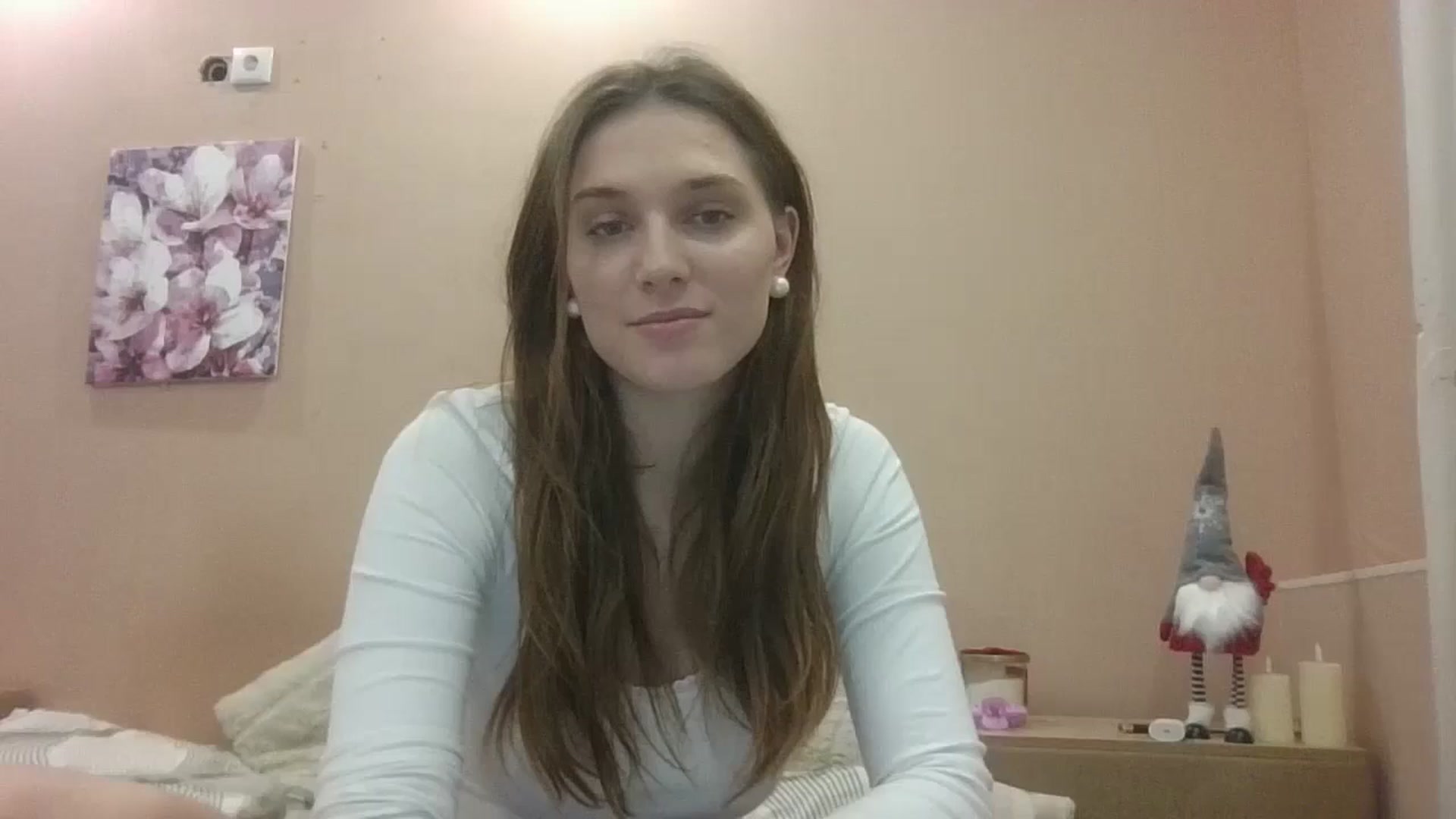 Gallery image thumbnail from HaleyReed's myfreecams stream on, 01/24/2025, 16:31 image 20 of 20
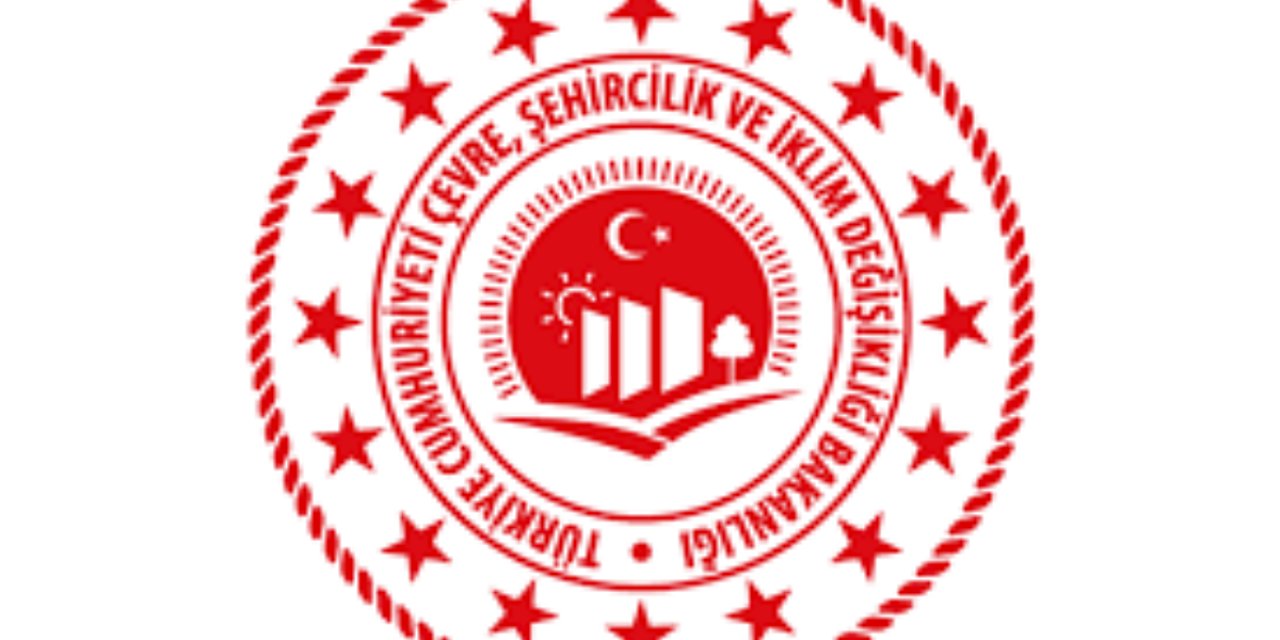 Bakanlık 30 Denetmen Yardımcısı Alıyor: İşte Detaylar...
- - -
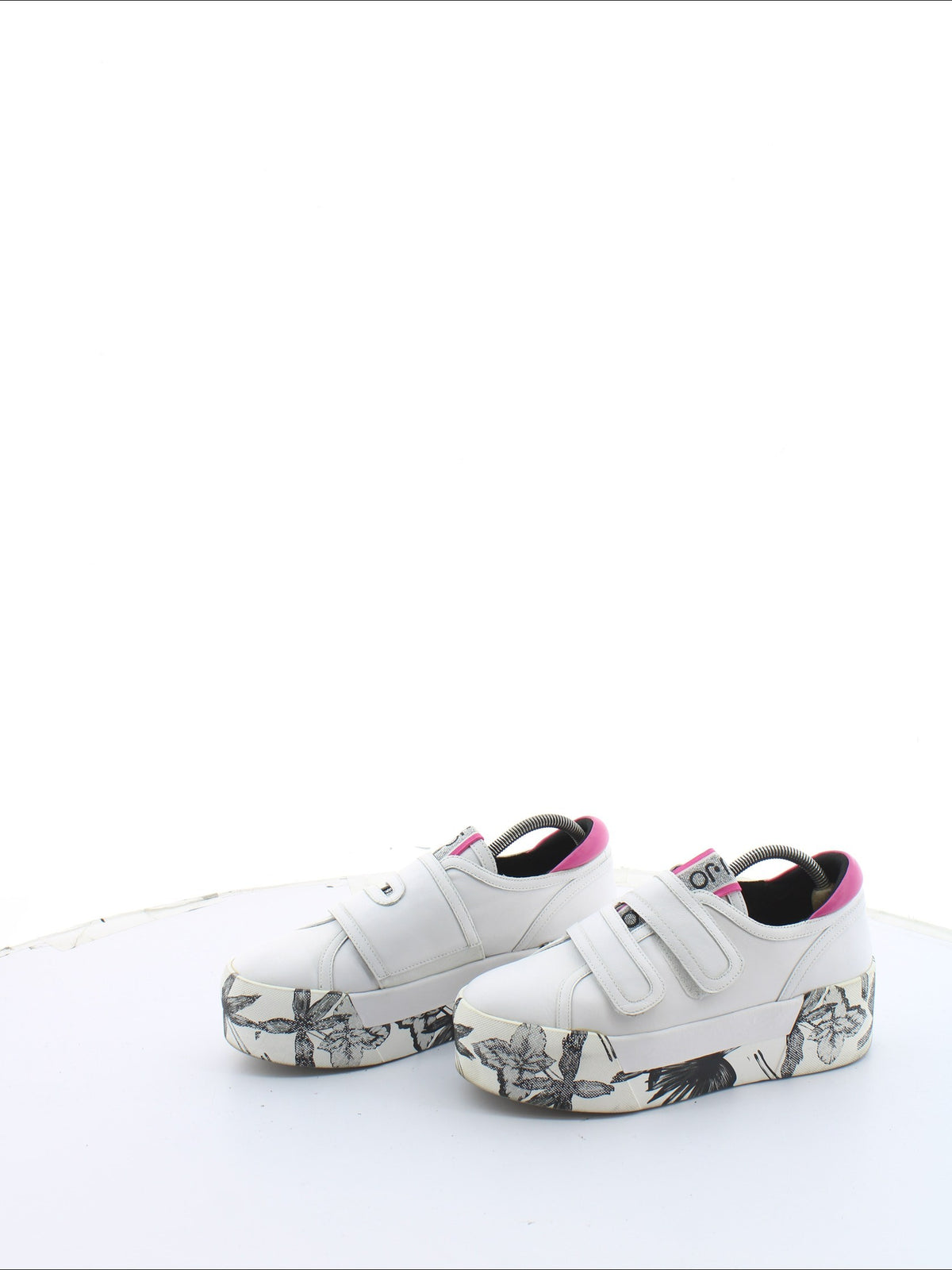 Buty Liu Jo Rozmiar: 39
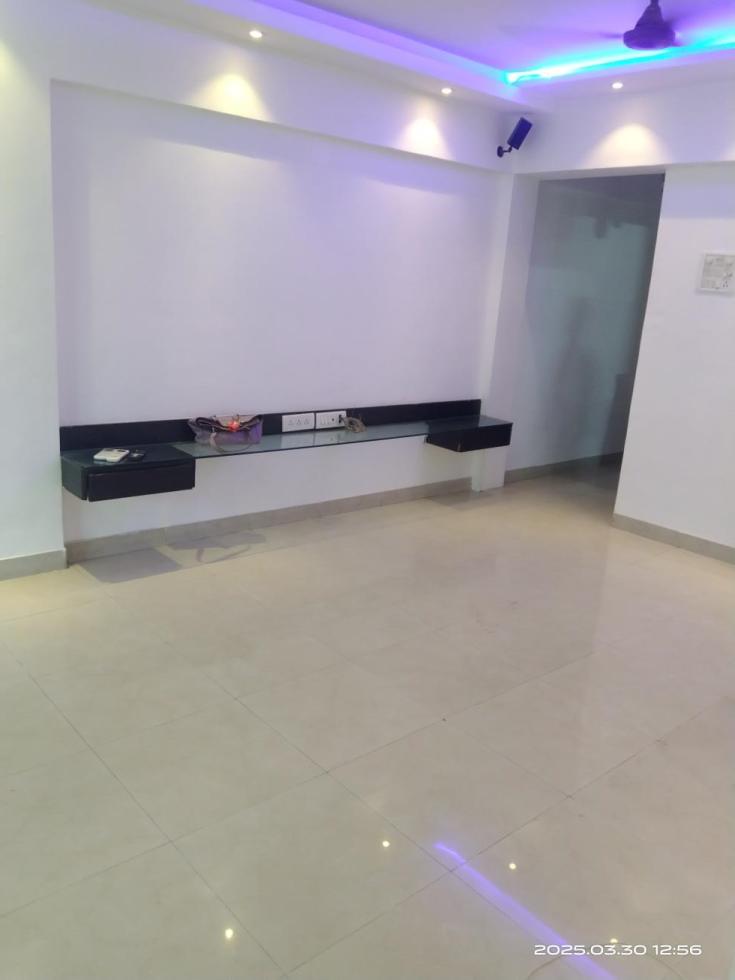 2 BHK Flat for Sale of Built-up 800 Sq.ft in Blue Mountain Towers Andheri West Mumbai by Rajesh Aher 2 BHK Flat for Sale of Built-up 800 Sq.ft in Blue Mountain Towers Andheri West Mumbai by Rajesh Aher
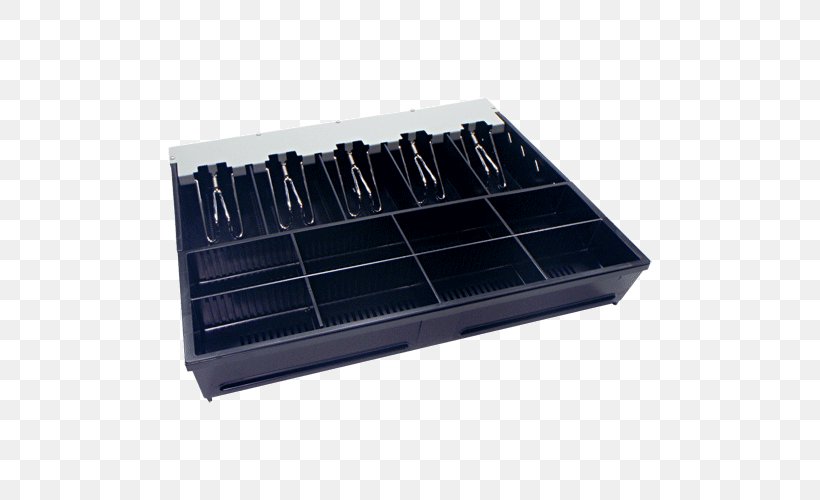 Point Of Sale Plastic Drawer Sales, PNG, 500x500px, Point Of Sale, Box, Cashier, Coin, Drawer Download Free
- - -
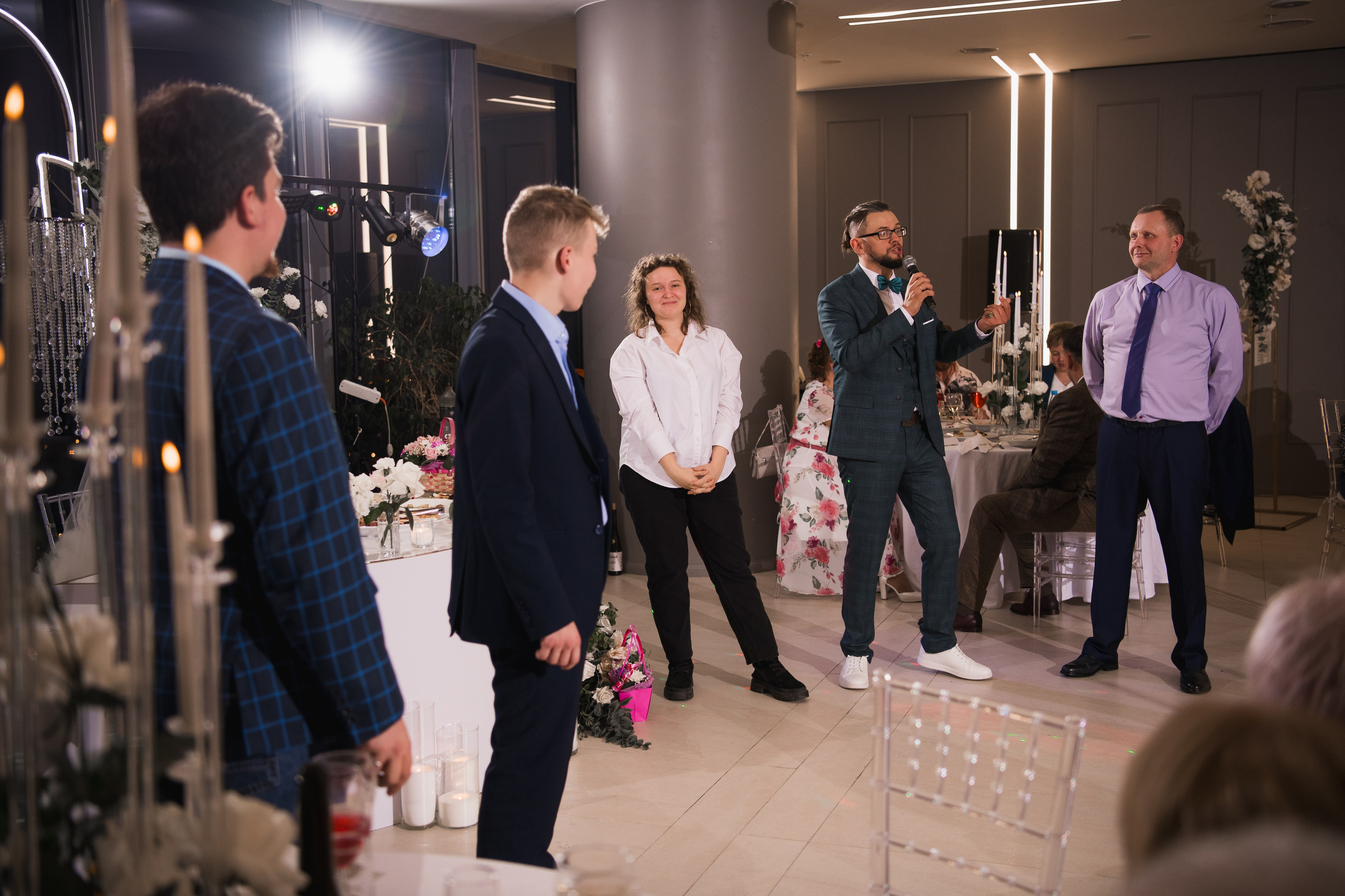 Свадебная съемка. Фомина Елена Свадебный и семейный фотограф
- - -
_PROBLEM TO SOLVE_. Among the lines above, the one with "Buty Liu Jo Rozmiar: 39" opens the part to repeat and the one with "Rajesh Aher 2" closes it; repeat only that part exactly, with no pictures.

_RESPONSE_.
 Buty Liu Jo Rozmiar: 39
 2 BHK Flat for Sale of Built-up 800 Sq.ft in Blue Mountain Towers Andheri West Mumbai by Rajesh Aher 2 BHK Flat for Sale of Built-up 800 Sq.ft in Blue Mountain Towers Andheri West Mumbai by Rajesh Aher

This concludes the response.